Similarly, the district is having 4 PHC but only one was functioning for want of doctor. The Govt is unable to find a suitable doctor to be placed in other three PHCs.
I feel a practical regime of transfer/posting of health professionals is required. The interior area allowance can be introduced as an incentive and a tenure system can be evolved to ensure that the interior area should get proper health facility. Since, the places with proper connectivity can always access the district hospital, so evenif these places run without adequate manpower, they can manage; but in interior areas which are very far and faces connectivity problem in rainy season, adequate healthworkers need to be posted alongwith adequate supply of machines. A pragmatic policy needs to be adopted.
New schemes like RSBY is quite promising as these are going to make district hospital a corporate entity with incentive for doctors and earnings for hospital management and hopefully will free the hospital for purchase of necessary equipments and will provide enough resources to equip itself.

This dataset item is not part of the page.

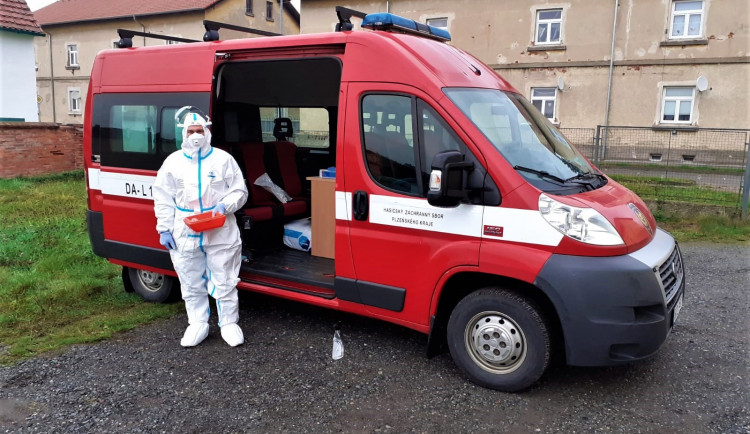 Hasiči v Plzeňském kraji postavili vlastní mobilní tým pro odběr vzorků a dnes poprvé vyrazili do akce
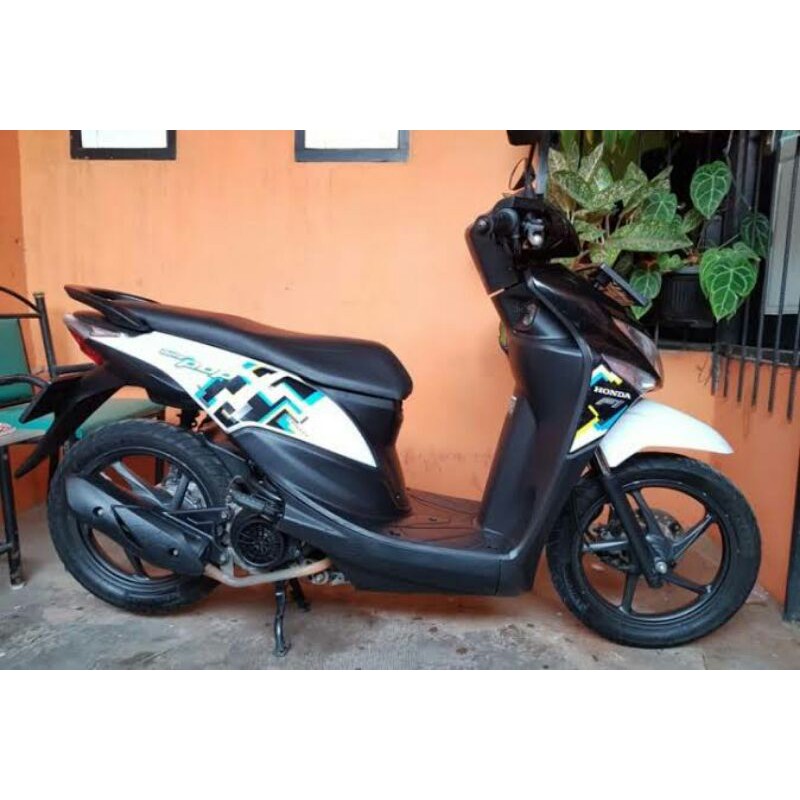 Striping Beat Pop 2016 Putih Hitam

Under district level schemes like BRGF, BADP, we are planning to equip the hospital with good machines, to provide good quarters for the doctors; but since health sector is quite capital intensive, these funds are insufficient to meet the requirements of the people and a special plan funding for purchase of necessary diagnostic and surgical equipments are necessary to make the district hospital a true First Referral Unit and to conform it to the Indian Public Health Standards.
Although we claim to becoming a modern and developed nation and trying to gain proud entry in UNSC or other coveted bodies; but unless the remote places like these are taken care of by the system and society at large, we can not claim ourselves truly developed. The development of the nation depends on quality human resources and without a sound health system, a pool of quality human resource can not be imagined.